These days, practically nothing is immune to the economy's woes — not even an industry that caters to what would seem to be the one recession-proof commodity: death.
"Obviously, the death rate continues and death continues," says David Walkinshaw, spokesperson for the Massachusetts Funeral Directors Association. "But in difficult times, the funeral business is affected just as much as any other business. Recession-proof it really isn't."
Walkinshaw, who is also president of Saville & Grannan Funeral and Cremation Service in Arlington, has seen smaller and less lavish funerals since the stock market took a turn for the worse in October. "People cut back on what some may look at as the extras," he says. "Rather than take a limousine, they will drive themselves. They're buying less expensive caskets, cutting back on flowers and other after-funeral expenses."
In his book 150 Best Recession-Proof Jobs, which hit stands in November, career-information expert Laurence Shatkin ranked funeral directors number 84. "I'm sure that people are cutting down on lavish funerals in response to the recession," Shatkin tells the Phoenix by e-mail. "However, the trend in the industry has been toward chains rather than privately owned mom-and-pop businesses, which suggests more employment stability."
Shatkin compiled his list by looking at the industries he considers the least sensitive to economic downturn, and then analyzing which jobs have the best pay, projected work-force growth, and number of openings.

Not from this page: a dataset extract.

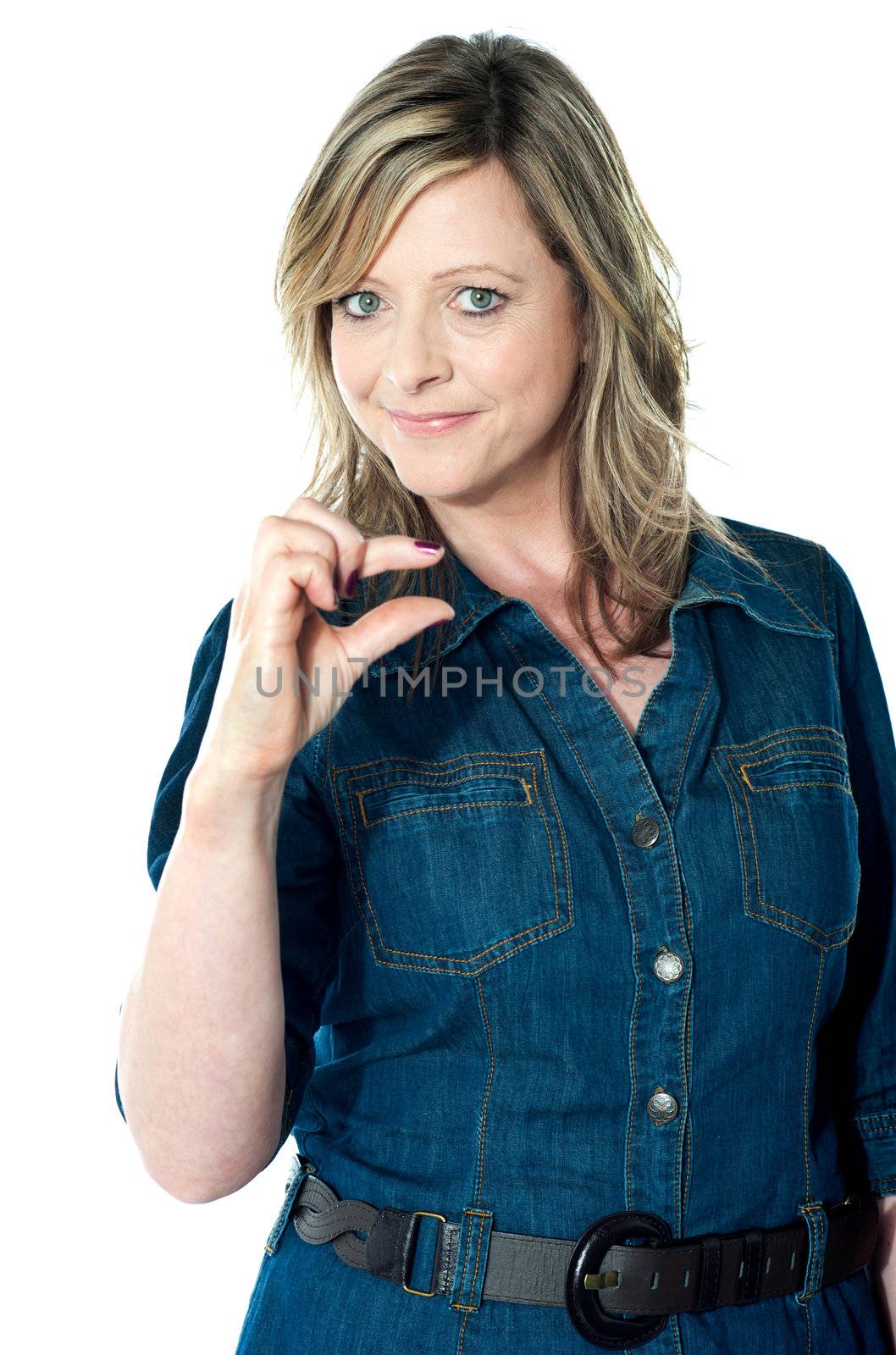 Female indicating little bit gesture against white background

With an average annual salary of $49,620, funeral directors ranked above librarians and just below environmental-engineering technicians.

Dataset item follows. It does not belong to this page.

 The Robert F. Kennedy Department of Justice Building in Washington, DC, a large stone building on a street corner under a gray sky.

But as clients cut back and expenses rise, area directors themselves are singing a decidedly less rosy tune.
"When I see colleagues of mine in this town," says Bob Biggins, director of the Magoun-Biggins Funeral Home in Rockland, "when we're all talking about the recession and how it is affecting all of us, my colleagues, their comment is, 'You're at least in a recession-proof industry.' The event of a death occurring is certainly recession-proof, but what folks do in the event of a death certainly is not."
Biggins recites the same list of cost-cutting measures enumerated by Walkinshaw, and adds that many of his clients are simply opting for cremation, which saves them only about $200. "Little things," Biggins explains. "People are doing little things to be more fiscally prudent."

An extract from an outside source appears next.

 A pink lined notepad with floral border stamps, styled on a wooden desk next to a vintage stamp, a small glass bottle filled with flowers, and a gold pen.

All of these little economies make it more difficult for mom-and-pop funeral directors such as Biggins to make ends meet. Biggins's business was founded in 1956, and he runs it out of an 1876 Victorian mansion, with a full-time staff of five, plus some part-time workers. "Heating, fuel, health insurance — everything's up," he says. "We're running our operations on a much leaner budget."
Richard Stanton, owner and funeral director of the Stanton Funeral Home in Watertown, agrees. "Our costs are going up just like everybody else's," he says, noting that casket prices rose some 12 percent in 2008.
In addition, he notes, advertising rates have increased, and local cemeteries are raising their fees, which means families are spending even less at the funeral homes. "One local cemetery, Belmont Cemetery, went up 26 percent," says Stanton. "People only have X amount of dollars to spend on a funeral and to go up at that increment, it affects us definitely."